## [Supplied records]

Content starts

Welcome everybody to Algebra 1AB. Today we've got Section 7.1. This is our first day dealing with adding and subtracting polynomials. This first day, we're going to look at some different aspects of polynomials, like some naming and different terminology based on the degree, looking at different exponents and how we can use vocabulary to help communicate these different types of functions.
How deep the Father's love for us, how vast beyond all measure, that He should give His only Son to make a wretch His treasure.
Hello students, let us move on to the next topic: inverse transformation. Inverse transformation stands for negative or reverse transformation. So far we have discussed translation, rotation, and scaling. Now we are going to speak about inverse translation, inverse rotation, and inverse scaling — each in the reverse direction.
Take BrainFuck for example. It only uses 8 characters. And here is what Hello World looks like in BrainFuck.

Content ends
Content starts

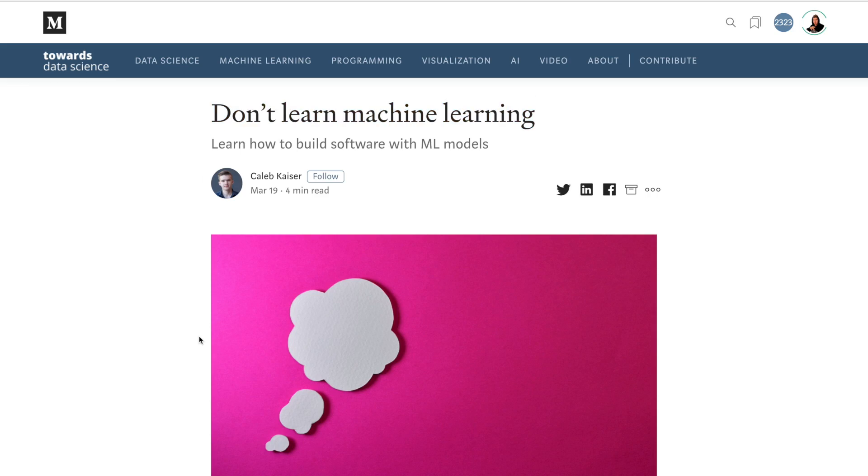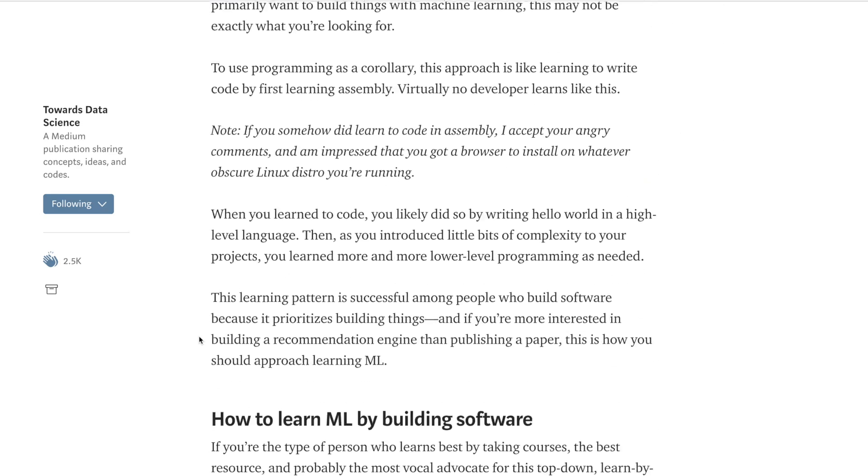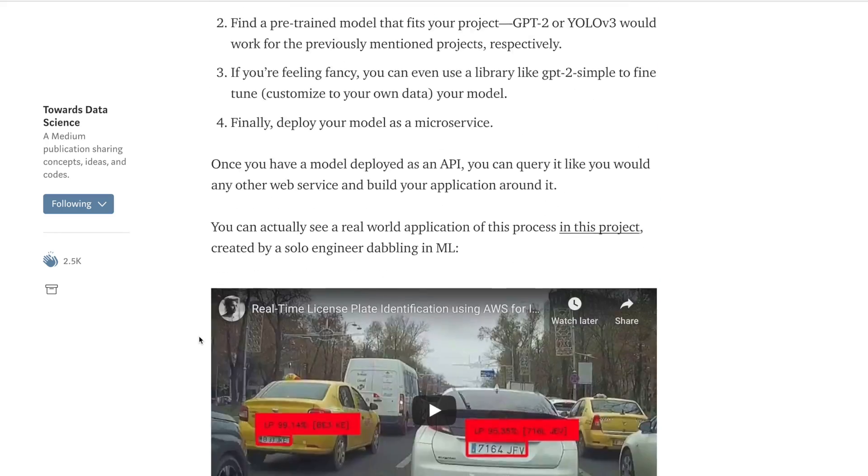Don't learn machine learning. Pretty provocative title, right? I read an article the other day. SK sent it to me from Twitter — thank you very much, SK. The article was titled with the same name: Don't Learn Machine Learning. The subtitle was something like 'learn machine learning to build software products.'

Content ends

## [Your goal]
Lines in the data that hold "Hello" must be located and copied.

## [Answer to this exercise]
Hello students, let us move on to the next topic: inverse transformation. Inverse transformation stands for negative or reverse transformation. So far we have discussed translation, rotation, and scaling. Now we are going to speak about inverse translation, inverse rotation, and inverse scaling — each in the reverse direction.
Take BrainFuck for example. It only uses 8 characters. And here is what Hello World looks like in BrainFuck.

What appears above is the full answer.